Task goal
Find, in the records below, the line that contains "Maria Pasillas, Family" and the line that contains "Building Photo - 14012 NY-38". Copy those two lines and everything between them exactly, but not the pictures.

Source material
^^^^^^^^
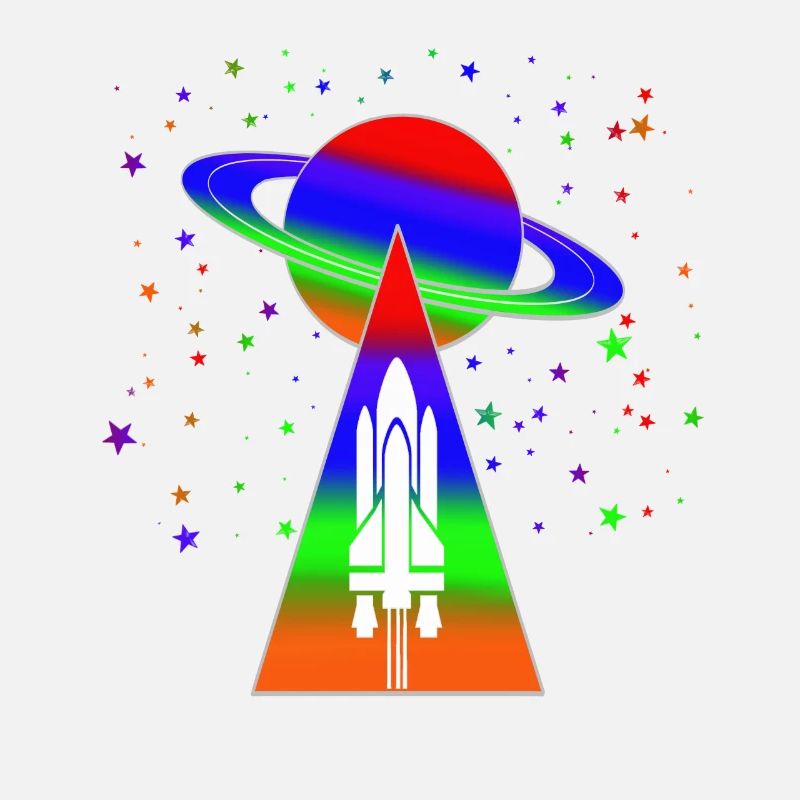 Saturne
^^^^^^^^
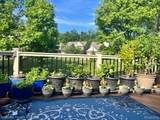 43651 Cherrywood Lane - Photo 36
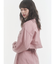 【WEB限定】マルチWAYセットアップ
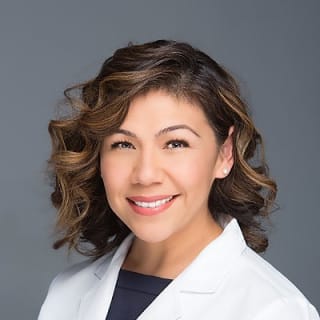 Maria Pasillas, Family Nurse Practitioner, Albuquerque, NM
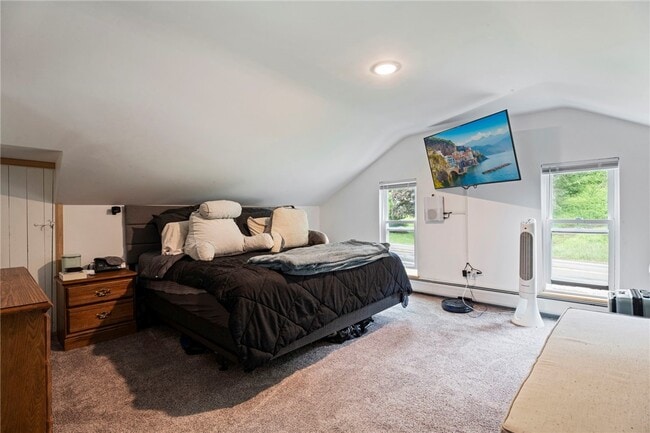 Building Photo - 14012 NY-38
^^^^^^^^
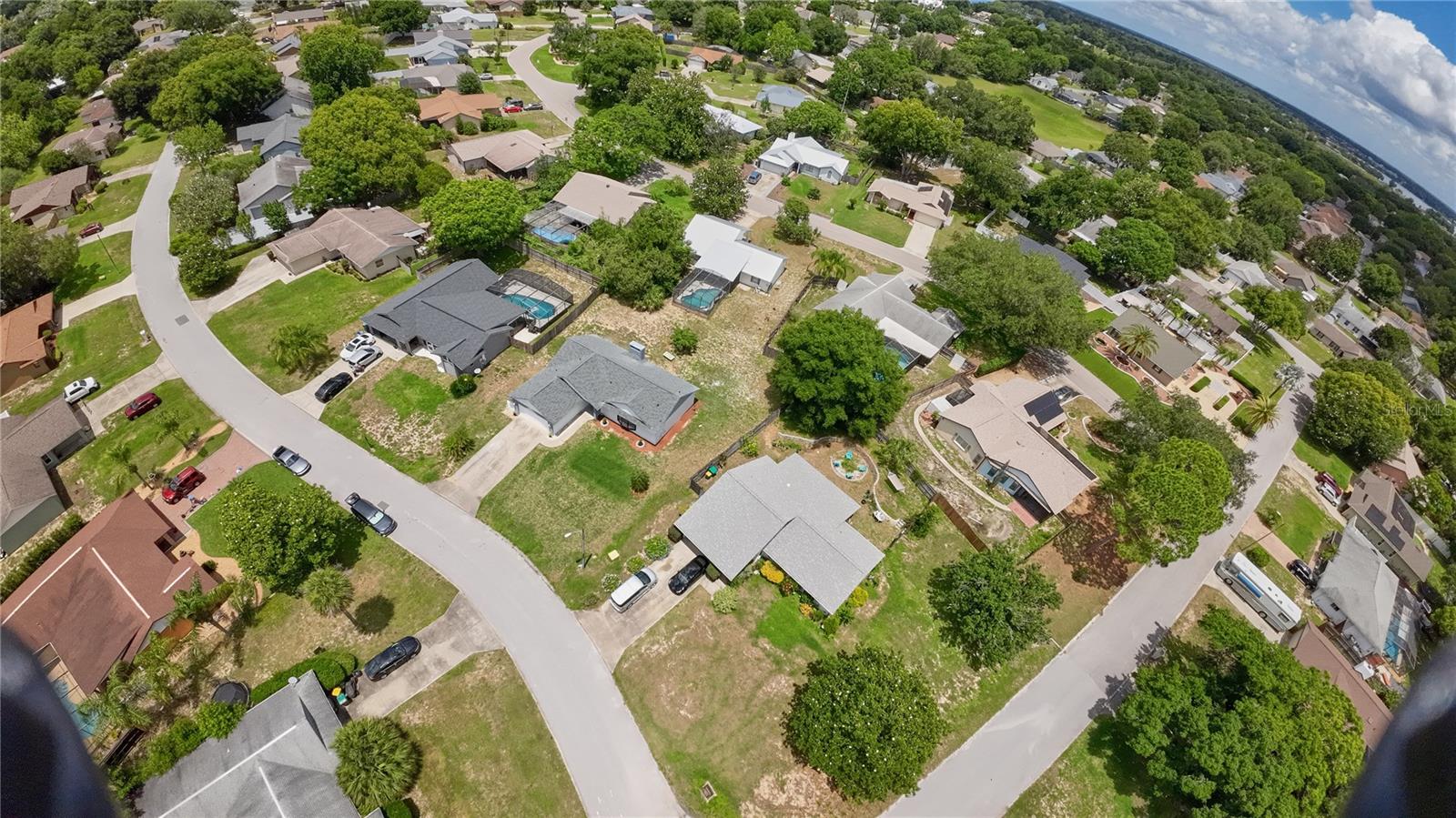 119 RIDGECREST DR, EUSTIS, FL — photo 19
^^^^^^^^
Task solution
 Maria Pasillas, Family Nurse Practitioner, Albuquerque, NM
 Building Photo - 14012 NY-38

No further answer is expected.